En Irak, un attentat a été commis contre un lieu saint chiite, cet attentat a entraîné des représailles qui, elles-mêmes, en ont entraîné d’autres. Du coup, certains ne voient dans la situation irakienne qu’un affrontement entre deux confessions. C’est oublier un peu vite que le régime de Saddam Hussein ne se caractérisait pas par une domination des sunnites sur les chiites.
Le dictateur, bien sûr, avait promu des gens de sa famille, de son village, de son clan qui effectivement étaient de tradition sunnite. Mais le parti Baas était laïc et, à la plupart des échelons, l’équilibre était savamment entretenu. D’ailleurs, pendant la longue guerre contre l’Iran, les chiites irakiens n’ont pas soutenu leurs frères en religion. Quant à la répression menée par Saddam en 1991, elle tendait à mater une révolte dirigée non contre des sunnites mais contre le régime.

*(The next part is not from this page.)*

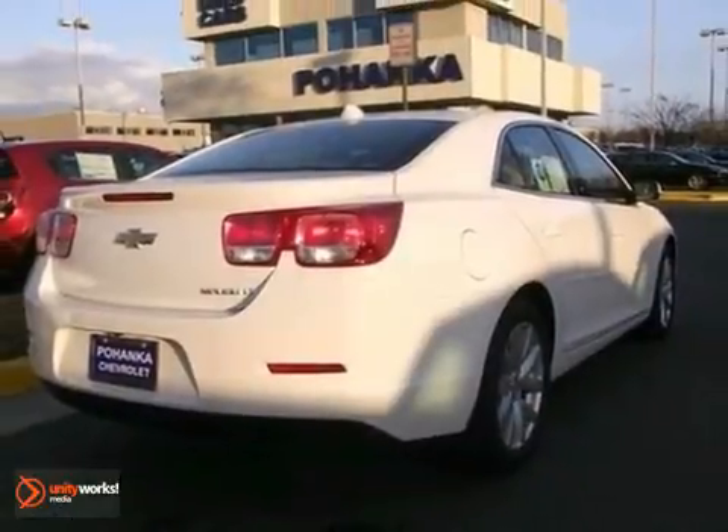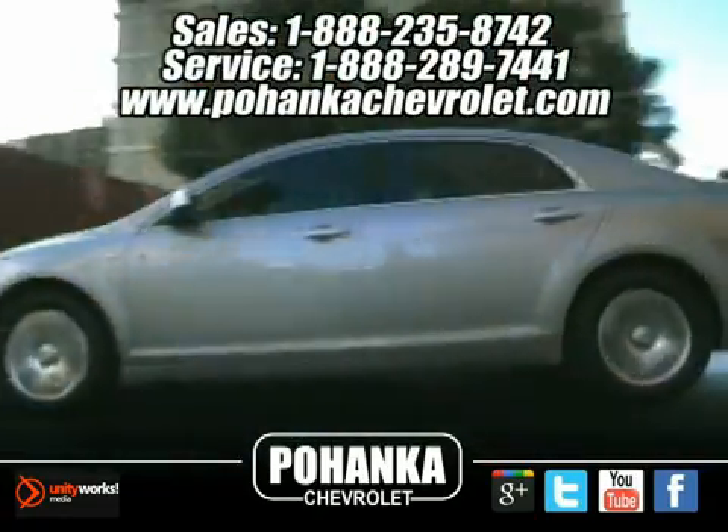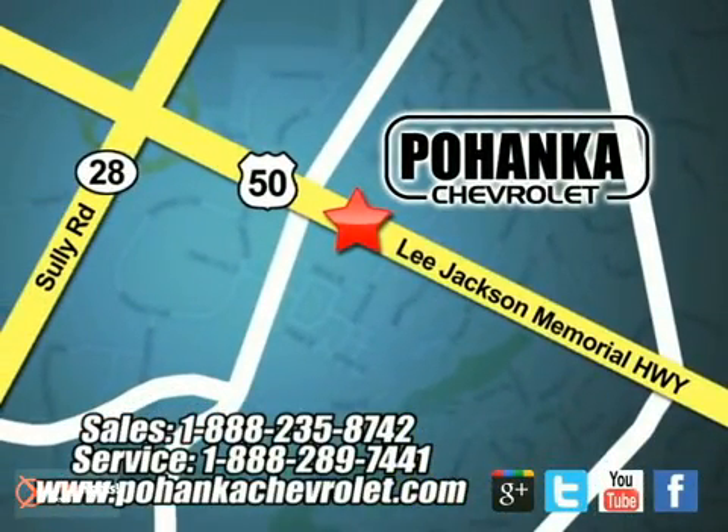Come and see this roomy Chevy today. Bohenga Chevrolet is a great place to buy a car. We are conveniently located at 13915 Lee Jackson Memorial Highway, Route 50 in Chantilly.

Aujourd’hui, les communautés s’affrontent mais les responsables religieux des deux camps s’efforcent d’atténuer les tensions et corrélativement, de raviver le sentiment nationaliste. Bientôt, risque de venir le temps où « la haine et la fureur » des Irakiens se retournera contre les « occupants ».
Dès les premiers jours du conflit, un spécialiste de la région avait tristement dit à des amis américains « you will regret Vietnam ». Terrible prédiction ! Qui a intérêt à ce qu’elle se réalise ? En tout cas, pas l’Europe.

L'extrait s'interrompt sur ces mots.